*Data section*.
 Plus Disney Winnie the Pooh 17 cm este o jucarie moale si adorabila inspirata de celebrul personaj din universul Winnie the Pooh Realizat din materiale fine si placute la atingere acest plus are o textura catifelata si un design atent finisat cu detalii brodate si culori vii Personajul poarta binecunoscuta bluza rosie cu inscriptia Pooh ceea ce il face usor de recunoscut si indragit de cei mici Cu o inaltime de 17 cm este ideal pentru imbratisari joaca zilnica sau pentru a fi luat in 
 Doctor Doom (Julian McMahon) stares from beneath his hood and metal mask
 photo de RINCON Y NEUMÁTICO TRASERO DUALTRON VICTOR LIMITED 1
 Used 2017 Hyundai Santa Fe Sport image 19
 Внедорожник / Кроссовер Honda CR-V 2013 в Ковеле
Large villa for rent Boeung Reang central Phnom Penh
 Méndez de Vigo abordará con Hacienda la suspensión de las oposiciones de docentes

* * *

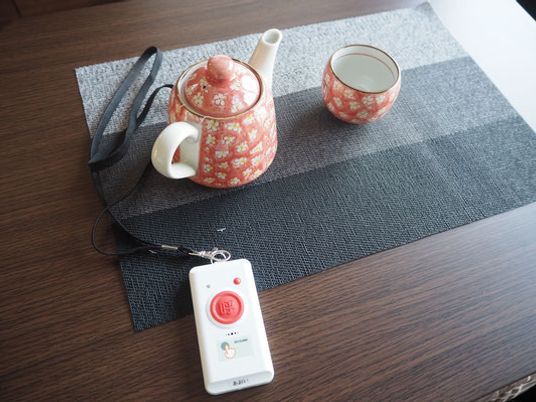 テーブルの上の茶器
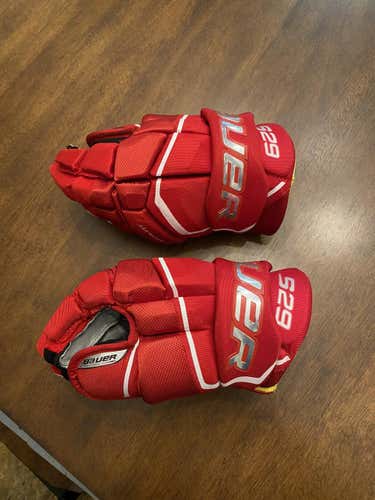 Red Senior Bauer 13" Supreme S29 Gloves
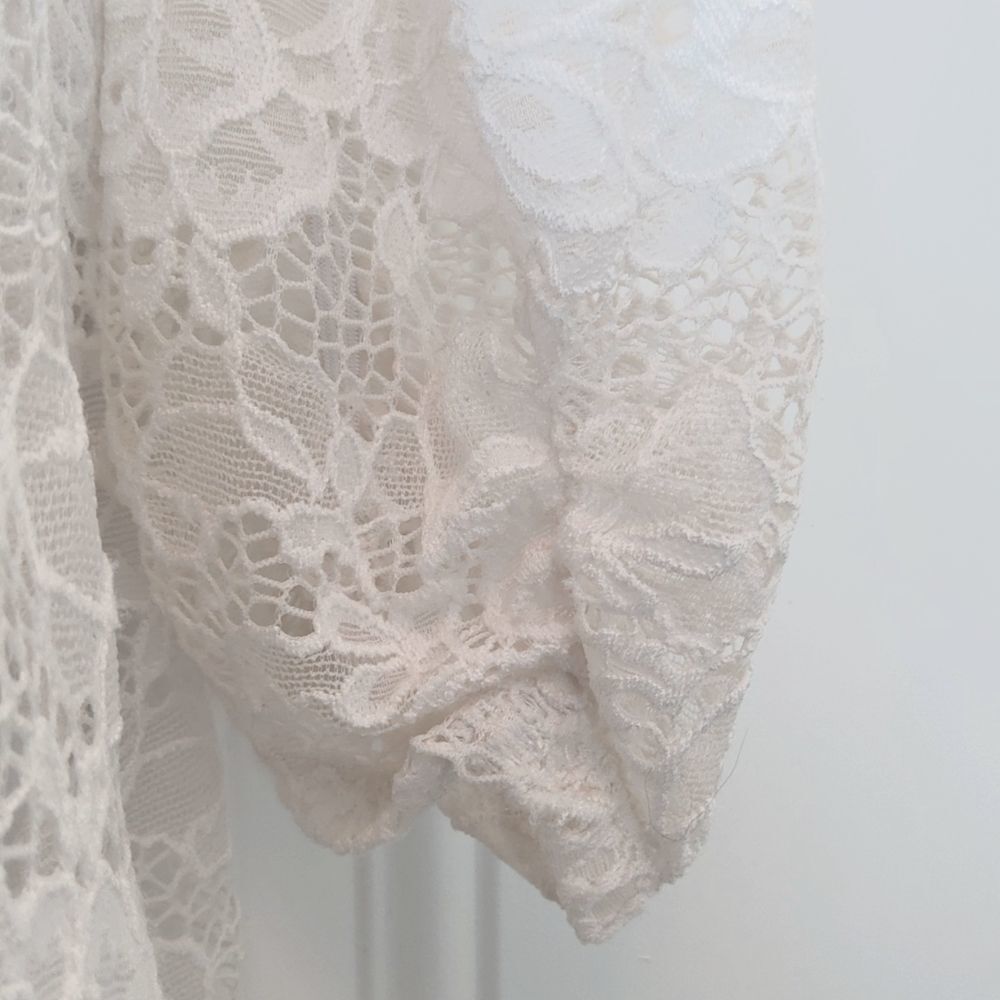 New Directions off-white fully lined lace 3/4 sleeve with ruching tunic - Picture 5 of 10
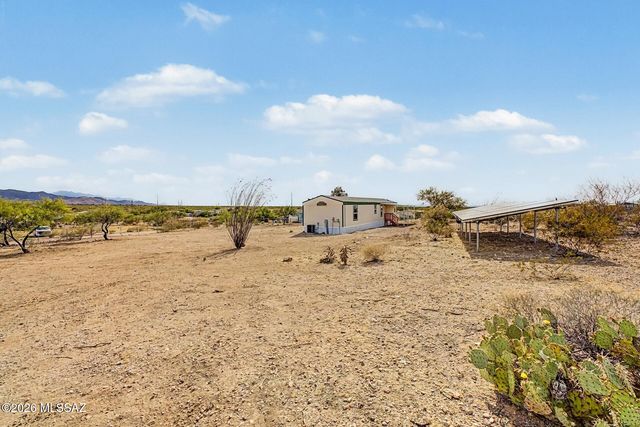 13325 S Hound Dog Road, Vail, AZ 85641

--

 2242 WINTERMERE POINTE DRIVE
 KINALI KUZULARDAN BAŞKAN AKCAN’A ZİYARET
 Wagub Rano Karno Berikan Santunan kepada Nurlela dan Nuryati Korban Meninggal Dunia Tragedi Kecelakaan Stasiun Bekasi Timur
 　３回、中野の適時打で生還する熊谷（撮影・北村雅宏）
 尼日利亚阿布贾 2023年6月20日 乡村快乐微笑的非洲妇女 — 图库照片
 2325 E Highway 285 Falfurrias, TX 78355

*Problem description*.
Working from the records above, set down word for word everything from the line containing "New Directions off-white" down to the line containing "13325 S Hound Dog Road, Vail, AZ 85641", ends included, minus the pictures.

*Answer to this exercise*.
 New Directions off-white fully lined lace 3/4 sleeve with ruching tunic - Picture 5 of 10
 13325 S Hound Dog Road, Vail, AZ 85641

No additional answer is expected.